**Raw data**
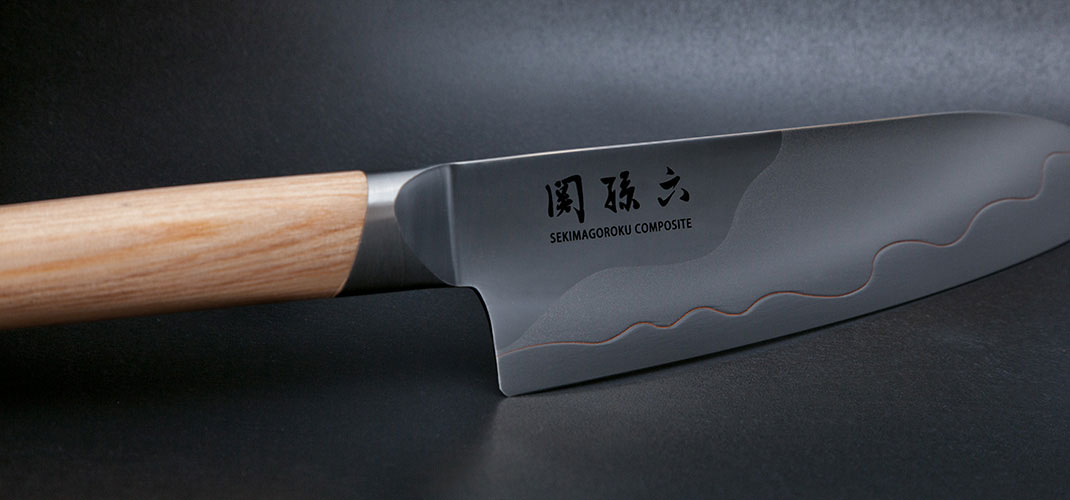 Kai Seki Magoroku Composite Santoku 16,5 cm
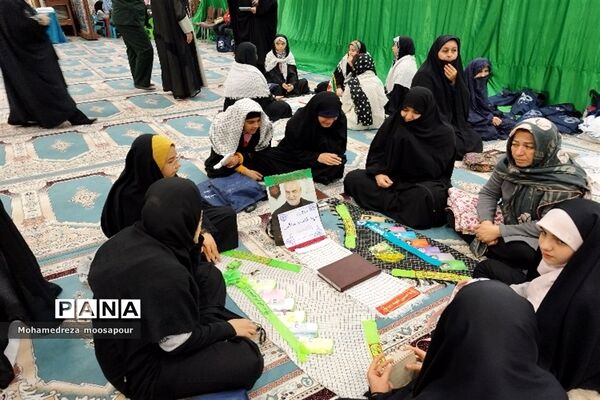 گرامیداشت هفته بسیج در نماز جمعه صفادشت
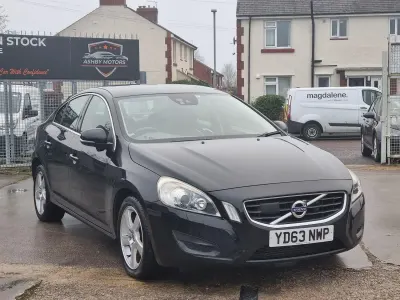 Used Volvo S60 SE 2022 Black Sedan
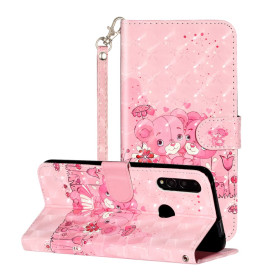 REALISTIC ZALJUBLJENA MEDVEDKA ETUI ZA HUAWEI P SMART Z 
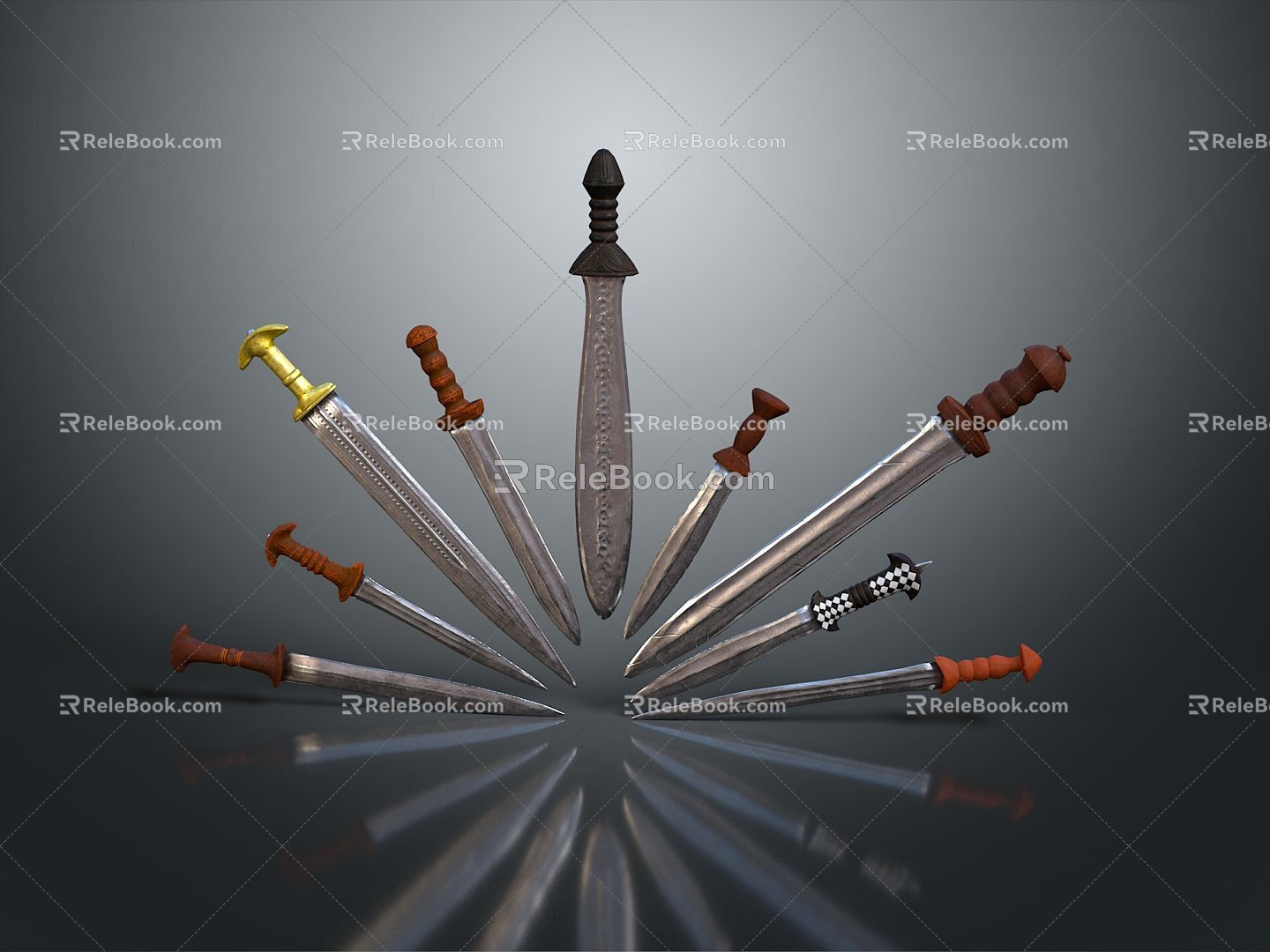 Officer Sword Sword Long Sword Sheath Sword Samurai Sword Samurai Sword Accessories Soldier Sword Knight Sabre 3d model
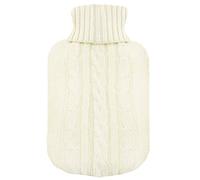 D.I.D Racing Chain Hot Water Bottle with Knitted Cover 2L Pink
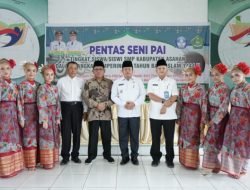 Pentas Seni PAI SMP Kabupaten Asahan Dibuka Asisten Perekonomian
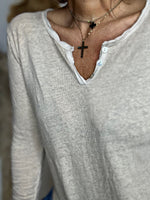 Charger l'image dans la galerie, T-shirt HELIA Beige
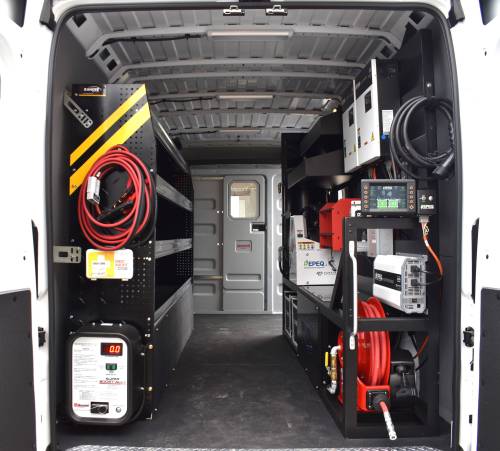 Vanair - IN STOCK - 2023 RAM PROMASTER CARGO VAN EV ROADSIDE ASSISTANCE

**What to work on**
Output every record exactly, minus the pictures.

**Solution to the problem**
 Kai Seki Magoroku Composite Santoku 16,5 cm
 گرامیداشت هفته بسیج در نماز جمعه صفادشت
 Used Volvo S60 SE 2022 Black Sedan
 REALISTIC ZALJUBLJENA MEDVEDKA ETUI ZA HUAWEI P SMART Z 
 Officer Sword Sword Long Sword Sheath Sword Samurai Sword Samurai Sword Accessories Soldier Sword Knight Sabre 3d model
 D.I.D Racing Chain Hot Water Bottle with Knitted Cover 2L Pink
 Pentas Seni PAI SMP Kabupaten Asahan Dibuka Asisten Perekonomian
 Charger l'image dans la galerie, T-shirt HELIA Beige
 Vanair - IN STOCK - 2023 RAM PROMASTER CARGO VAN EV ROADSIDE ASSISTANCE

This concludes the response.